В конце Сергей иронично добавляет, что его творческие планы выглядят «скромненько», что настроение у него неважное, и просит хотя бы коротко отвечать на все его письма. Хотя бы парой многоточий или восклицательным знаком, «с которым мы похожи, как братья».


Весной 1969 года Сергей покинул кораблестроительную газету «За кадры верфям» и решил получить новую профессию, способную прокормить его и семью, а попутно придать ему сходство с Микеланджело. Задумал он стать резчиком по камню и поступил учеником к какому-то скульптору (фамилию его не помню). Мы виделись в это время реже, но письма шли своей чередой.

В одном из них он пишет, что прочел мои заметки на полях рукописи романа и повести, и сетует, что хотя все они справедливы и уместны, его обидел немного залихватский и чуть ли не злорадный тон этих записей. Он пеняет мне, что я «порезвилась», и что это нехорошо. «Литературные дела – главное в моей жизни и единственное, пожалуй. Я пишу очень старательно и с большим трудом, а в последний год с большим напряжением, потому что решил поломать свой стиль и отказаться от многих приемов, которыми в какой-то степени овладел, истребить то, с чем освоился». И дальше: «Я знаю, что у меня пока не выходит, и со всеми твоими указаниями согласен, но иронизировать в таком случае я бы не стал». Он пишет (и я думаю, что это очень справедливо), что в этих делах желательно быть таким же деликатным, как если ты обсуждаешь наружность чужого ребенка.


Кто-то сказал о Толстом: «Лев Николаевич весил 80 килограммов, но это были 80 килограммов чистой литературы». Я бы сказала то же самое о Довлатове с той оговоркой, что он весил в два раза больше…

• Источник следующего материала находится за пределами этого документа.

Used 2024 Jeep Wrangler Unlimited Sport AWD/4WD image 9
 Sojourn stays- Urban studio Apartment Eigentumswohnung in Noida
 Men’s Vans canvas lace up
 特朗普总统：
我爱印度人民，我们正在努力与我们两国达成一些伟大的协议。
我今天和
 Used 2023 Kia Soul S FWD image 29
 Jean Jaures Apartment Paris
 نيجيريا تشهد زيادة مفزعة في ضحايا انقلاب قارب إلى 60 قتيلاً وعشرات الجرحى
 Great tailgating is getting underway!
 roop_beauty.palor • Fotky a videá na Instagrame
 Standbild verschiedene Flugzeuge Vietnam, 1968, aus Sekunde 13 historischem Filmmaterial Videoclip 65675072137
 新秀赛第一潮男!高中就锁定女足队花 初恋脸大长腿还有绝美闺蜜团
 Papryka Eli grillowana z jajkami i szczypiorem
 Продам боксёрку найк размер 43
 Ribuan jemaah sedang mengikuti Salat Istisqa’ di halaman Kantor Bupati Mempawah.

В дни нашей молодости, общаясь с Бродским, Рейном, Найманом, Ефимовым и Довлатовым, я считала их столь выдающимися поэтами и писателями, что мне и в голову не приходило обнародовать свои литературные попытки. Я стучала на машинке в глубокой тайне, боясь глумленья. Но однажды, забредя с Довлатовым сперва в рюмочную, а потом в пельменную на углу Литейного и Некрасова, я разомлела, потеряла бдительность и призналась, что написала рассказ «Белое чудо», который перекликался с первым романом Франсуазы Саган «Здравствуй, грусть». (В те времена я мечтала достичь уровня Франсуазы Саган так же страстно, как Довлатов мечтал достичь уровня Василия Аксенова.)

Известие о моих литературных поползновениях Довлатов воспринял с таким видом, будто перед ним была курица, размахивающая дипломом из Гарварда. Сделав полуучастливое-полупренебрежительное лицо, он заявил, что мне писателем не бывать. И даже не потому, что совершенно бездарна. Судя по моим оценкам его рассказов, у меня есть литературный вкус, чувство языка и вообще кое-какое дарование. Но я никогда не стану писателем, потому что моя жизнь начисто лишена трагедии.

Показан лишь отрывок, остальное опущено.